Int J Technol Assess Health Care. Spring 2005;21(2):211-8.

Abstract

Objectives: Many evaluations underestimate the utility associated with diagnostic interventions by failing to capture the nonclinical value of diagnostic information. This is a cause of bias in resource allocation decisions. A study was undertaken to investigate preferences for the assessment of cardiac risk, testing the suitability of conjoint analysis, a multiattribute preference elicitation method, in the field of clinical diagnosis.

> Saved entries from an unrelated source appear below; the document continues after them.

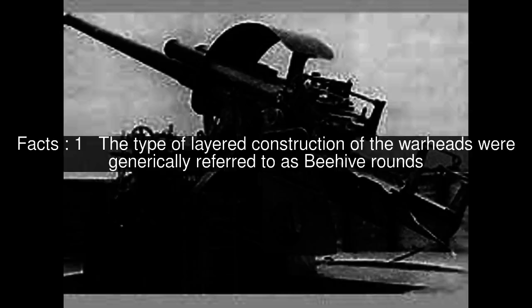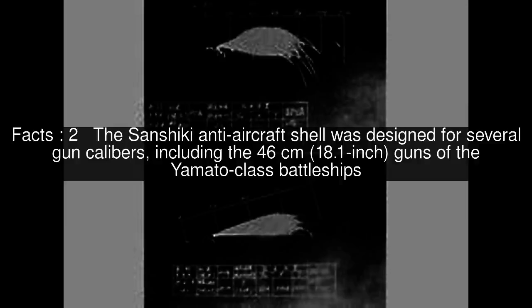The type of layered construction of the warheads were generically referred to as beehive rounds. The Sanzhiki anti-aircraft shell was designed for several gun calibers, including the 46-centimetre guns of the Yamato-class battleships.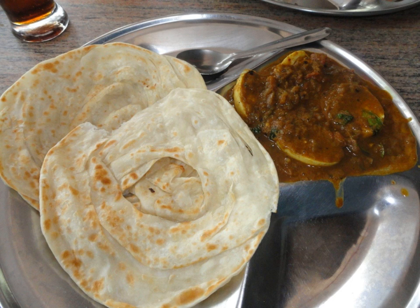A parota, or barota, is a layered flatbread originating from the Indian subcontinent, made from maida flour, popular in southern India. It is a common street food in southern India, especially in Kerala, Tamil Nadu, and the neighboring country of Sri Lanka.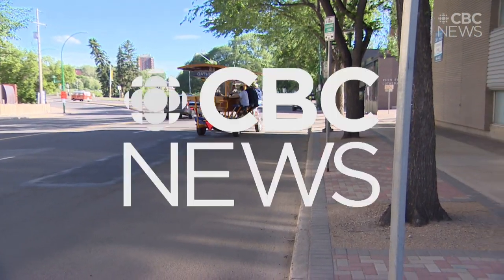This is a really cool way to see Spadina and the riverbank and all of what downtown Saskatoon has to offer.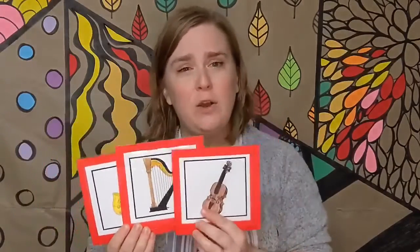I know a shy fellow who swallowed a sax. He swallowed the sax to jam with the harp. He swallowed the harp to jam with the cello. I don't know why he swallowed a cello. Perhaps he'll bellow.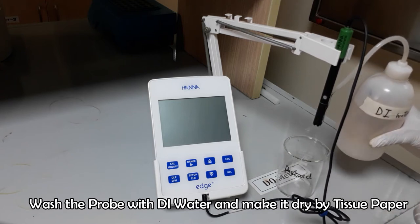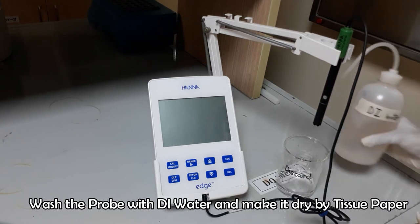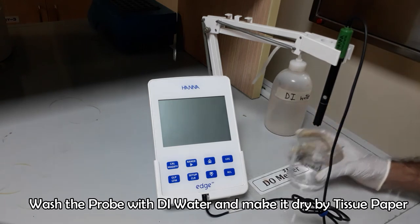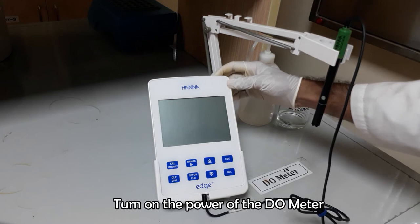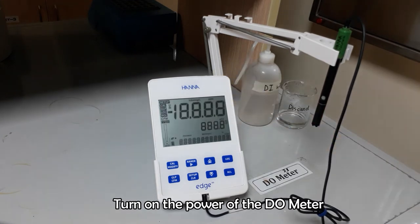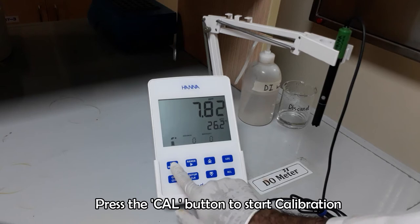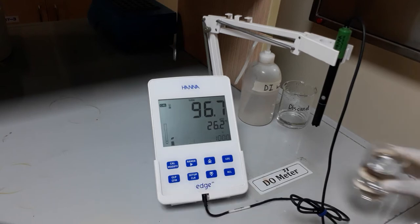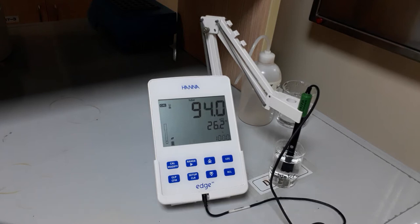Wash the probe with deionized water and dry it by a soft tissue paper. Turn on the power of the DO meter. Press the CAL button and insert the probe into freshly prepared deionized water to adjust the DO at 100%.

Methods: Two conjoint analysis models focusing on selected characteristics of cardiac risk assessment in asymptomatic patients 40-50 years of age were applied to elicit preferences for cardiac risk assessment from samples of general practitioners and the general public in the United Kingdom and Italy. Both models were based on rankings of alternative scenarios, and the results were analyzed using multivariate analysis of variance and an ordered probit model.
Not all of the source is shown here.